If New Orleans’s situation is remarkably good, its site may be equally bad. The city was built on sediment, the long ramp of the Mississippi’s levee. The highest ground is found along the river frontage. From there the land slopes down—roughly fifteen feet over a distance of about one and a half miles—until it craters at the city’s rear, where much of the ground is below sea level. Through the start of the twentieth century, a cypress wetland, known locally as the backswamp, stretched from there to the shore of Lake Pontchartrain, several soggy miles away, where the terrain climbs to the peak of the lake’s levee. New Orleans, then, is a bowl ringed by bodies of water, which stare down into town like voyeurs. And because the city is surrounded by levees and sits on a high water table, there is no natural drainage, a hazard in a place that averages nearly sixty inches of rain annually.[5] The delta, finally, is a fertile disease environment; some of the nation’s deadliest epidemics have prostrated New Orleans. If Charlevoix worried over the fate of two hundred colonists seeking shelter from inclement weather in 1722, who can now forget images of thousands of New Orleanians huddled in the Superdome, clinging to rooftops, or pleading for help following Hurricane Katrina in 2005, the latest chapter in the city’s long disaster history?

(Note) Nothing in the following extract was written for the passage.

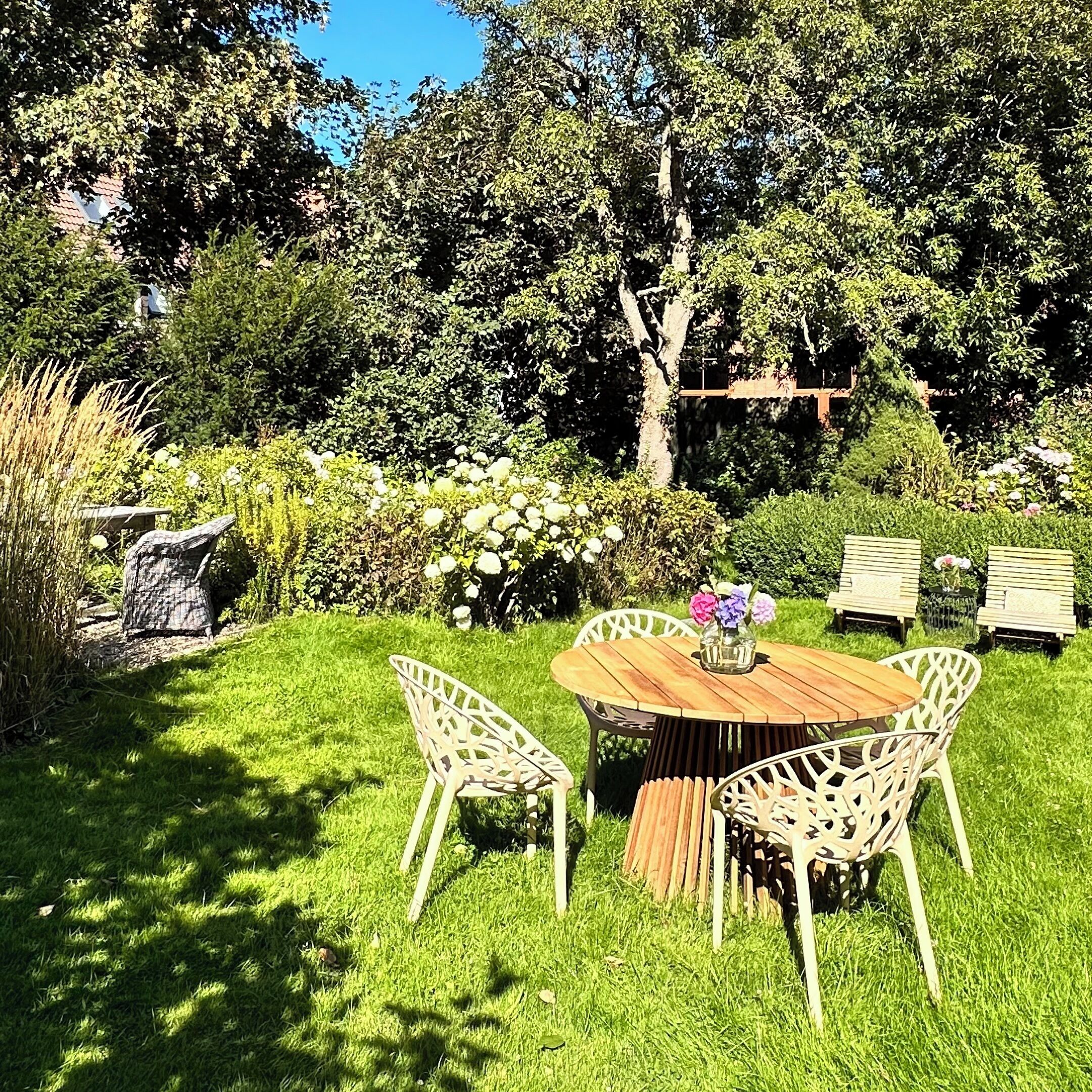 An outdoor seating area with a wooden table and white chairs, surrounded by lush greenery and flowering plants.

The disjuncture between site and situation in New Orleans has always generated anxiety, much of it centered on the city’s borders, especially the levees. Levees are supposed to form a boundary between the human and nonhuman worlds in New Orleans. On one side of the river levee, for instance, the Mississippi roils by the metropolis it helped create. During flood seasons, especially, the river looms high above. Onlookers crane their necks and gaze over the levee at the Mississippi, their benefactor/antagonist. On the levee’s other side sits New Orleans, designed as the very antithesis of wild nature: typically rectilinear, orderly, a beacon of progress. But the boundary between the city and its surroundings has never been stark. A tourist visiting New Orleans in 1859 captured the juxtaposition, sublime and terrifying: “it was a fearful sight to see the vast river, more than a mile wide, rising inch by inch until it reached the top of the levee, when hundreds of ships and steamers were floating far above the level of the streets—as high, indeed as the roofs of the houses in the back streets of town.” Nature and culture mingle in New Orleans, an environmental borderland where site and situation collide.[6]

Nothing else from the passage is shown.